History has shown through the ages that options were used by astute individuals. The Phoenician and Roman merchants would underwrite the expense of a sailing ship with the "option" to participate in the cargo upon the ship's return. Options were used in Holland during the great boom of the tulip bulb craze over 300 years ago.

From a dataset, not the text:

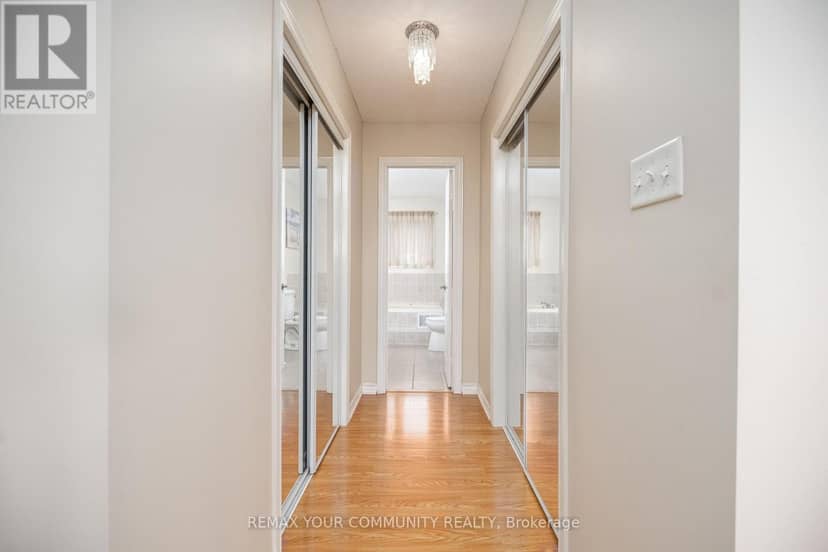 21 Silvercreek Crescent — photo 22 of 40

Options are used daily in real estate transactions. Let us suppose Mr. Schmidt wants to sell 100 acres of land for $20 an acre or $2,000, and will take a 10 percent option deposit ($200). Mr. Able believes he can sell the parcel of land to Mr. Wolf for $30 an acre or $3,000. Mr. Able would not want to buy the property if he is unable to sell it to Mr. Wolf for $3,000. If, during the agreed period of time, Mr. Able was able to consummate the sale to Mr. Wolf, he (Mr. Able) will exercise his option to purchase the parcel of land from Mr. Schmidt and in turn sell the land to Mr. Wolf. The net difference between the option deposit ($200) plus the cost to purchase the land ($2,000) and the ultimate sale at $3,000, is Mr. Able's profit ($800). If Mr. Able has been unable to complete the sale to Mr. Wolf, the option would have lapsed and the loss would be limited to the cost of the option contract—$200.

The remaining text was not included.